Switching to powerful Nebius infrastructure made it much easier to start training the large Qwen3-235B backbone and “push the frontier of specialized AI for mental health”, Bukhtiyarov says. Looking ahead, his team is planning to deploy managed Kubernetes for inference to automate scaling and efficiently handle fluctuating user loads.
Guardrail architecture for emergencies
Enterprise-class security is a must for apps that work with sensitive data. Nebius infrastructure is compliant with SOC 2 Type II with HIPAA, ISO 27001 and other certifications that ensure health data privacy and cloud protection.
Another critical element for a mental health app is a robust crisis management system. Ash must detect situations requiring immediate human intervention and redirect users to emergency services.
For this, the model uses a two-pass guardrail architecture. The first pass is a fast classifier that scans user inputs for signs of unsafe requests before the model processes them.
Any input that gets flagged then goes through an additional check by an LLM tuned for safety. This layer decides whether to block the content, replace it, or allow it to pass. Every flagged session is reviewed by a clinician to confirm that the AI gave appropriate information, like emergency contacts.

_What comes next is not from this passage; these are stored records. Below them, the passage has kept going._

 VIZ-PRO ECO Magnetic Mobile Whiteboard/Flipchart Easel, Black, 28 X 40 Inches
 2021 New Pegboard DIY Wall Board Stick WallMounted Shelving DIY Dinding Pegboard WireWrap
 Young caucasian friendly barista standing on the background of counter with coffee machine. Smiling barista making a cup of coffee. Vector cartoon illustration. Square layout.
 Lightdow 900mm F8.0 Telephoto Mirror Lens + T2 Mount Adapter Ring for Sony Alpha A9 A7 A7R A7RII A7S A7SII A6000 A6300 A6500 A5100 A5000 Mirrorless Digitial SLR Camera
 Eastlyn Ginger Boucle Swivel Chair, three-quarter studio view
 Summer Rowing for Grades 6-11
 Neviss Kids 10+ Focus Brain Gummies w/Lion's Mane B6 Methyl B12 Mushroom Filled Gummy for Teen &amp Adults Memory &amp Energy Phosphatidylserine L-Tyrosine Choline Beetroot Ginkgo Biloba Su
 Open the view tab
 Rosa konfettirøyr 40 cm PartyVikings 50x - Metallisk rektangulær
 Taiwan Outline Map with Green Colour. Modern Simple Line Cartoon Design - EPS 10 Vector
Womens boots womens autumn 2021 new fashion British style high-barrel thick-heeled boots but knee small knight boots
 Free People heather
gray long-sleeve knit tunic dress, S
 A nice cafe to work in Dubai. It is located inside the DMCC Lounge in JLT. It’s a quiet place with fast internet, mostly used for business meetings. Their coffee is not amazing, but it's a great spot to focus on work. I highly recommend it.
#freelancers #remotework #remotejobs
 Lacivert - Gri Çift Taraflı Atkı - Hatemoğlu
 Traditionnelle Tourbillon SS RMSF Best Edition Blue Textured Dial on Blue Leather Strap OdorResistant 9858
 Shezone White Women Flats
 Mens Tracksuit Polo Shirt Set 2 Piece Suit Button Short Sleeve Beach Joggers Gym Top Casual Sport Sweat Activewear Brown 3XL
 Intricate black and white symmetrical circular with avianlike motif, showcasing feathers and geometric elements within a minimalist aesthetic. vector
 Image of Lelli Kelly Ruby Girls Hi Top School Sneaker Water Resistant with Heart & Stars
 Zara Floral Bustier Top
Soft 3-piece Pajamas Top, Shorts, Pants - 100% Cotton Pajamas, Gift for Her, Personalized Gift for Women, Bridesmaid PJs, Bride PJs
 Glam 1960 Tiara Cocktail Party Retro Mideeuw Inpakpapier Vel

A study conducted by New York University and Slingshot AI found that Ash identified moments of risk with 100% accuracy across multiple tests and human reviews. “It’s an early signal, but an encouraging one, that when designed thoughtfully, AI can be transparent, responsible and deeply pro-human, ” Slingshot AI co-founder Neil Parikh said.
During a 10-week trial, 76% of users reported decreased depression symptoms, and 77% measured lower anxiety levels — improvements that rival those achieved through traditional therapy, according to the study.
The $2 billion AI mental health market is projected to reach $12 billion by 2034, driven by the demand for accessible and personalized interventions. In contrast to general-purpose conversational AI, mental health apps are built for the most sensitive job and require dedicated, expert-tuned LLMs like Ash, running on secure and scalable AI infrastructure like Nebius.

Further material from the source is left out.